# PYTHON DATA STRUCTURES

We'll discuss the object-oriented features of  data structures, when they should be used instead of a regular class, and when they should not be used. 

In particular, we'll be covering the following topics:

Tuples and named tuples
Dataclasses
Dictionaries
Lists and sets
Three types of queues

# EMPTY OBJECTS

Let's start with the most basic Python built-in, one that we've used implicitly many times already, the one (it turns out) we've extended in every class we have created: the object.

Technically, we can instantiate an object without writing a subclass, as follows:

In [7]:
o = object()

In [8]:
o.x = 100

AttributeError: 'object' object has no attribute 'x'

Unfortunately, as you can see, it's not possible to set any attributes on an object that was instantiated directly. 

This isn't because the Python developers wanted to force us to write our own classes, or anything so sinister. 

They did this to save memory – a lot of memory.

When Python allows an object to have arbitrary attributes, it takes a certain amount of system memory to keep track of what attributes each object has, for storing both the attribute name and its value.

Even if no attributes are stored, memory is allocated to make it possible to add attributes.

Given the dozens, hundreds or thousands of objects( every class extends the object class) in a typical Python program, this small amount of memory would quickly become a large amount of memory.

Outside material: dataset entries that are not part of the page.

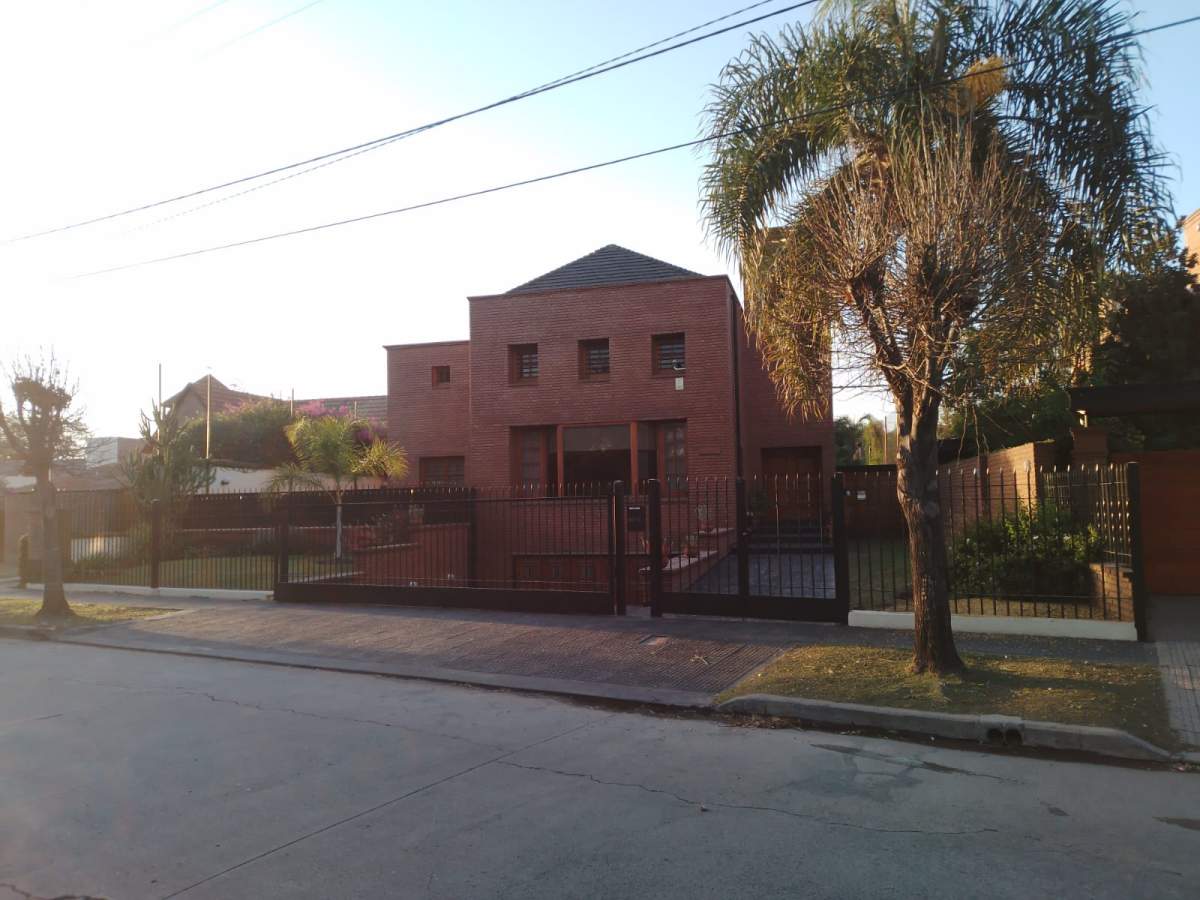 Espectacular Casa en Zona Norte con Pileta y Cancha de Paddle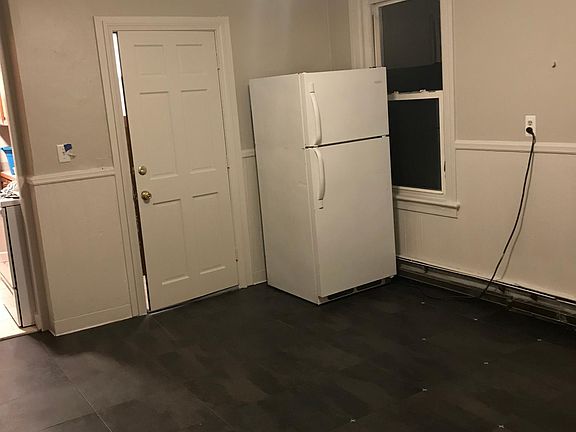 5th image of 120 Jewett St #3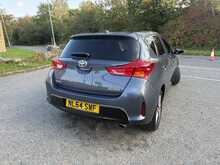 Toyota Auris 1.6 V-Matic Icon Plus Hatchback 5dr Petrol Manual Euro 5 (132 ps) 
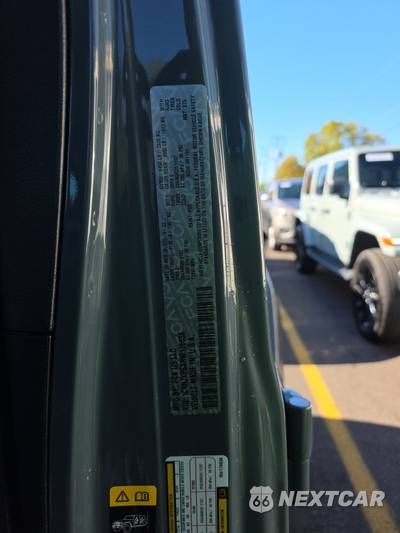 2024 Jeep Wrangler 4xe 4 Door Sahara - zdjęcie 14 z 28 - miniatura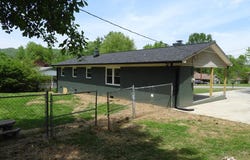 122 McKee Drive, Blacksburg, SC 29702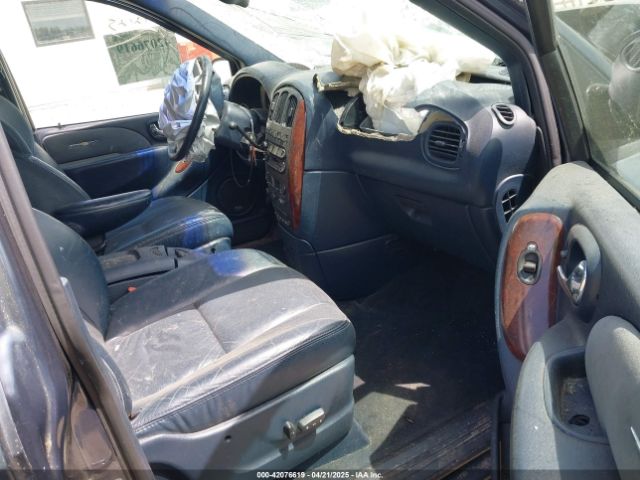 2001 CHRYSLER TOWN & COUNTRY 2C8GP64L51R208267 Photo 4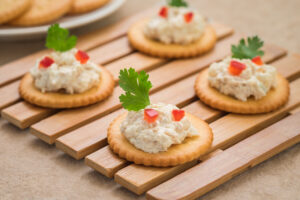 canned tuna with cracker
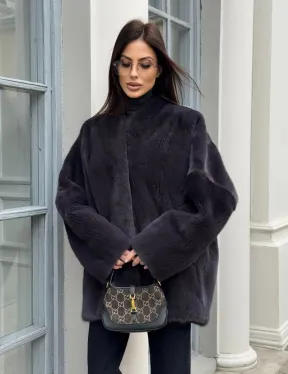 Графитовый норковый жакет с V-образным воротником - фото 4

So, Python disables arbitrary properties on `object` and several other built-ins, by default.

It is possible to restrict arbitrary properties on our own classes using __slots__. 

Slots are part of Chapter 12, Advanced Design Patterns. We'll look at them as a way to save memory for objects that occur many, many times.

It is, however, trivial to create an empty object class of our own; we saw it in our earliest example:

In [9]:
class MyObject:
    pass

In effect, `class MyObject` is equivalent to `class MyObject(object)`.

As seen earlier, it is possible to set attributes on such classes.

In [10]:
m = MyObject()

In [11]:
m.x = "hihihi"

In [12]:
m.x

'hihihi'

If we wanted to group an unknown number of attribute values together, we could store them in an empty object like this.

The problem with this approach is the lack of an obvious schema that we can use to understand what attributes should be present and what types of values they will have.

  Focus of this book is the way classes and objects should only be used when you want to specify both data and behaviors. 
  
Therefore, it is important to decide from the outset whether the data is purely data, or whether it is an object in disguise. 

Once that design decision is made, the rest of the design can grow from the seed concept.

# TUPLES AND NAMED TUPLES

Tuples are objects that can store a specific number of other objects in sequence.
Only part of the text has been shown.